The entries should be written out again exactly as they read.

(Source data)

<<<<

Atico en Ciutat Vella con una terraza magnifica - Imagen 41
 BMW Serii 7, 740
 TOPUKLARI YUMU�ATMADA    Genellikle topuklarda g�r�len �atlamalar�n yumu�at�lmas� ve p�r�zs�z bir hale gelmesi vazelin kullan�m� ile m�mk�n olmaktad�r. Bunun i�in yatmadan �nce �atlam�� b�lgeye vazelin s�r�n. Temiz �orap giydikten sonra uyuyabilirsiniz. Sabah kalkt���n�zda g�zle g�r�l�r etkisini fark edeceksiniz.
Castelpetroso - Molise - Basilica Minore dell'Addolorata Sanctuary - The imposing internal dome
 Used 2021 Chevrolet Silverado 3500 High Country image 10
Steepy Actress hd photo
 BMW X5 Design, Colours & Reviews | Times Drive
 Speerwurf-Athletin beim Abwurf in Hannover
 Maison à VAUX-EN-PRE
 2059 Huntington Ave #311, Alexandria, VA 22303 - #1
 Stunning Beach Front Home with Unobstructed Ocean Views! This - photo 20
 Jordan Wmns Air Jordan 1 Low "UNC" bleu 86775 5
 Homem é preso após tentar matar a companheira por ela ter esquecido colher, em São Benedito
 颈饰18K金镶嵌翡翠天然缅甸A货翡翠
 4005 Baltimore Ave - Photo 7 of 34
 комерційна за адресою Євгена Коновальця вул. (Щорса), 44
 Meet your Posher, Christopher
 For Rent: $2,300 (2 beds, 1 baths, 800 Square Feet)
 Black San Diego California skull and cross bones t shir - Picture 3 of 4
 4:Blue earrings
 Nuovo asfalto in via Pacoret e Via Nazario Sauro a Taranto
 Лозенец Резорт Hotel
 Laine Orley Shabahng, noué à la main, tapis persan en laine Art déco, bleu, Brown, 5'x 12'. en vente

>>>>

■ **TASK RESULT**
Atico en Ciutat Vella con una terraza magnifica - Imagen 41
 BMW Serii 7, 740
 TOPUKLARI YUMU�ATMADA    Genellikle topuklarda g�r�len �atlamalar�n yumu�at�lmas� ve p�r�zs�z bir hale gelmesi vazelin kullan�m� ile m�mk�n olmaktad�r. Bunun i�in yatmadan �nce �atlam�� b�lgeye vazelin s�r�n. Temiz �orap giydikten sonra uyuyabilirsiniz. Sabah kalkt���n�zda g�zle g�r�l�r etkisini fark edeceksiniz.
Castelpetroso - Molise - Basilica Minore dell'Addolorata Sanctuary - The imposing internal dome
 Used 2021 Chevrolet Silverado 3500 High Country image 10
Steepy Actress hd photo
 BMW X5 Design, Colours & Reviews | Times Drive
 Speerwurf-Athletin beim Abwurf in Hannover
 Maison à VAUX-EN-PRE
 2059 Huntington Ave #311, Alexandria, VA 22303 - #1
 Stunning Beach Front Home with Unobstructed Ocean Views! This - photo 20
 Jordan Wmns Air Jordan 1 Low "UNC" bleu 86775 5
 Homem é preso após tentar matar a companheira por ela ter esquecido colher, em São Benedito
 颈饰18K金镶嵌翡翠天然缅甸A货翡翠
 4005 Baltimore Ave - Photo 7 of 34
 комерційна за адресою Євгена Коновальця вул. (Щорса), 44
 Meet your Posher, Christopher
 For Rent: $2,300 (2 beds, 1 baths, 800 Square Feet)
 Black San Diego California skull and cross bones t shir - Picture 3 of 4
 4:Blue earrings
 Nuovo asfalto in via Pacoret e Via Nazario Sauro a Taranto
 Лозенец Резорт Hotel
 Laine Orley Shabahng, noué à la main, tapis persan en laine Art déco, bleu, Brown, 5'x 12'. en vente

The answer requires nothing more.